Accounting by an entity for defined benefit plans involves the following steps:
(a) determining the deficit or surplus. This involves:
- using an actuarial technique, the projected unit credit method, to make a reliable estimate of the ultimate cost to the entity of the benefit that employees have earned in return for their service in the current and prior periods. This requires an entity to determine how much benefit is attributable to the current and prior periods and to make estimates (actuarial assumptions) about demographic variables (such as employee turnover and mortality) and financial variables (such as future increases in salaries and medical costs) that will affect the cost of the benefit;
- discounting that benefit in order to determine the present value of the defined benefit obligation and the current service cost;
- deducting the fair value of any plan assets from the present value of the defined benefit obligation;
(b) determining the amount of and the net defined benefit liability (asset) as the amount of the deficit or
surplus determined in (a), adjusted for any effect of limiting a net defined benefit asset to the asset ceiling.

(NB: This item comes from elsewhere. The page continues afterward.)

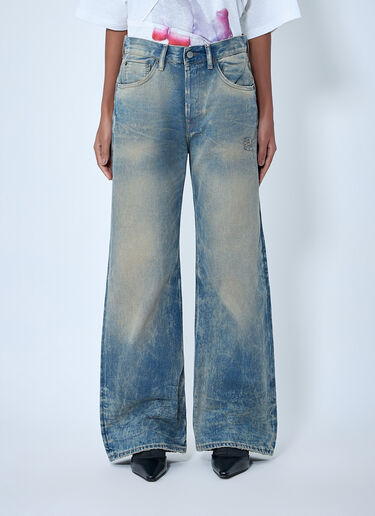 Acne Studios 2021F Five-Pocket Jeans Blue acn0263011
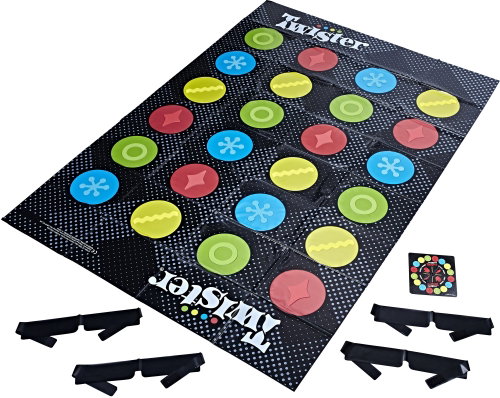 Twister Blind - Party Game - Main image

(c) determining amounts to be recognised in profit and loss:
- current service cost.
- any past service cost and gain or loss on settlement.
- net interest on the net defined benefit liability (asset).
(d) determining the remeasurements of the net defined benefit liability (asset), to be recognised in other comprehensive income, comprising:
- actuarial gains and losses;
- return on plan assets, excluding amounts included in net interest on the net defined benefit liability (asset); and any change in the effect of the asset ceiling, excluding amounts included in net interest on the net defined benefit liability (asset).
Where an entity has more than one defined benefit plan, the entity applies these procedures for each material plan separately.
Other long-term employee benefits
Other long-term employee benefits are all employee benefits other than short-term employee benefits, postemployment benefits and termination benefits.
The Standard requires a simplified method of accounting for other long-term employee benefits. Unlike the accounting required for post-employment benefits, this method does not recognise remeasurements in other comprehensive income.
Termination benefits are employee benefits provided in exchange for the termination of an employee’s employment as a result of either:
- an entity’s decision to terminate an employee’s employment before the normal retirement date; or
- an employee’s decision to accept an offer of benefits in exchange for the termination of employment.
An entity shall recognise a liability and expense for termination benefits at the earlier of the following dates:
- when the entity can no longer withdraw the offer of those benefits; and
- when the entity recognises costs for a restructuring that is within the scope of PAS 37 and involves the payment of termination benefits.
This extract has been prepared by IFRS Foundation staff and has not been approved by the IASB. For the requirements reference must be made to International Financial Reporting Standards.